Lee’s co-panelist, Michael Lewis, author of The Great Briefbeg to differ. “It sounds like a good thing,” he said. “But I don’t think the stock market is any better than it was before sports gambling became legal.” Lewis was amazed at “the way the country has recently turned its back on this subject” and highlighted the difference between state-controlled sports betting and prediction markets such as Kalshi and Polymarket, which are not.

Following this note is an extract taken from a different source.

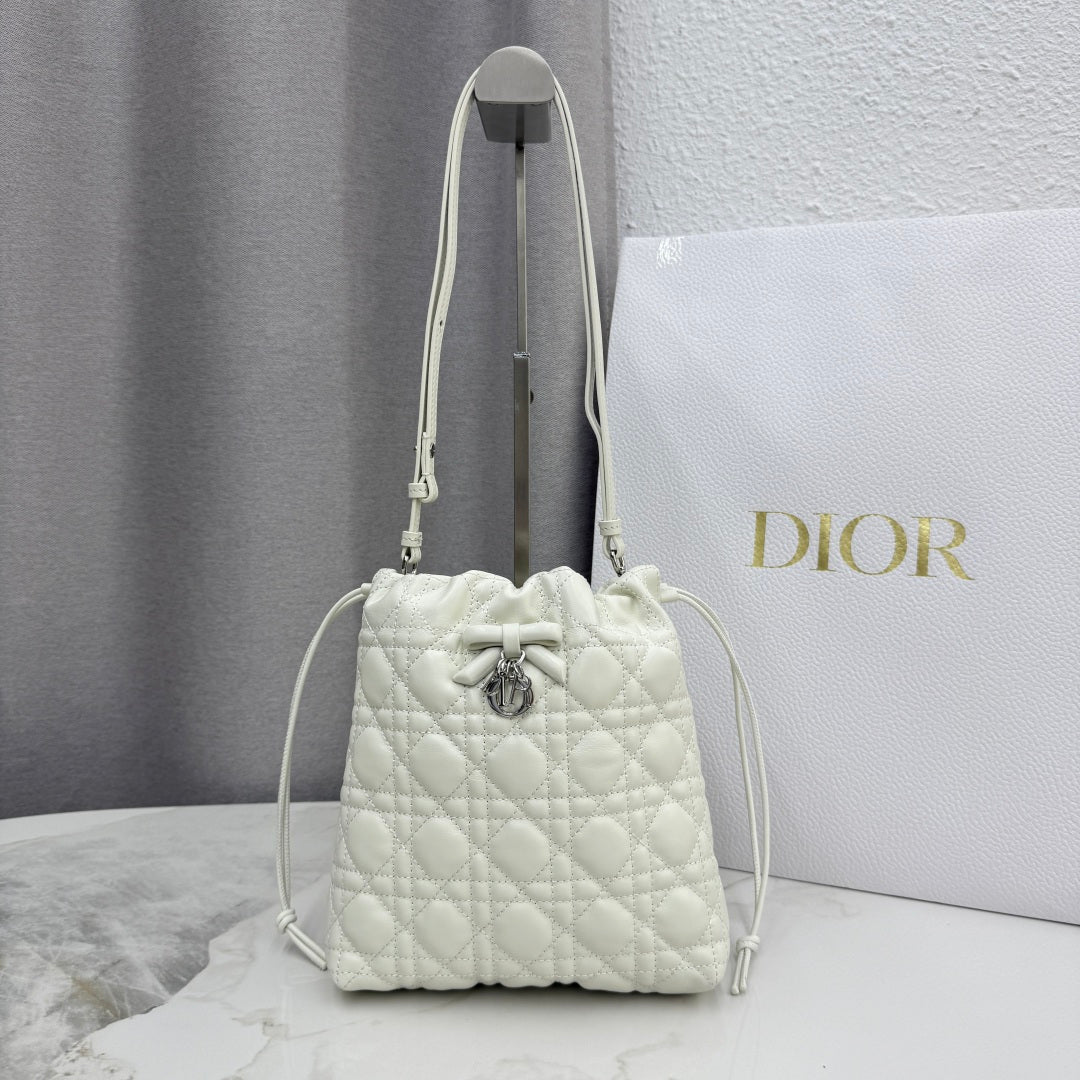 Dior Adiorable Mini Bucket Bag — White Cannage Lambskin with Silver Hardware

Kalshi specifically surfs a regulatory situation that treats its offerings as CFTC-regulated”contract events,” is different from state-licensed gambling—though state regulators are confused by what looks, to many, like sports betting by another name. partnership with retail brokerage Robinhood which runs its markets directly into mainstream trading apps used by millions of Americans. On Sunday evening, Kalshi’s own mobile app briefly hit No. 2 spot in the US App Store, ahead of most social and entertainment majors, while DraftKings came in fifth—an indication of how quickly prediction markets are moving from niche curiosity to mass consumer product.‘
What brought the two companies together was the bet that America’s newly normalized relationship with gambling would be enough to support a new asset class. During the 2024 Trump-Harris race, users bet more than $3 billion on prediction platforms, and the implied odds of the contracts were more accurate than many high-profile polls. Since then, Kalshi’s busiest markets have ranged from the New York City mayoral race to the March Madness brackets, with one NCAA tournament reportedly drawing more than $500 million in bets.
For Michael Lewis, even today’s sports leagues privately admit that sports gambling is “the work of the devil.” Noting all the sponsorships that fund sports broadcasting and leagues, Lewis said there is a major problem with the business model. “It’s now the main engine of growth. It’s hurting sports. It’s creating terrible incentives.” He lamented the wave of scandals, especially in college basketball, and predicted it would continue until prop betting is banned in college sports. In Lewis’s point, NCAA president Charlie Baker called on state gambling commissions this past January, urging them to adjust state laws and regulations to eliminate gambling on individual prop bets and other high-risk prop bets such as first-half unders. Hours earlier, federal prosecutors announced multiple charges in a sports betting investigation involving college basketball.
Kalshi previously responded to criticism from Baker by announcing that it is federally regulated, governed by the Commodity Exchange Act and its hundreds of regulations. “We as a company also have comprehensive internal policies to address issues of trading integrity and responsibility, including in-house and third-party surveillance systems that monitor trading activity,” Kalshi said. “We run Know-Your-Customer reviews on everyone who does business on our platform.”
Lewis said that he hopes that the government will finally come to this issue, “but we look back at a period of, it is not good for society. It is not fashionable to say that. Lewis said that he agrees with Lee that “prediction markets are good,” but when it comes to sports gambling, “society needs to take care of it. It’s going to ruin sports and ruin a lot of young men’s lives.”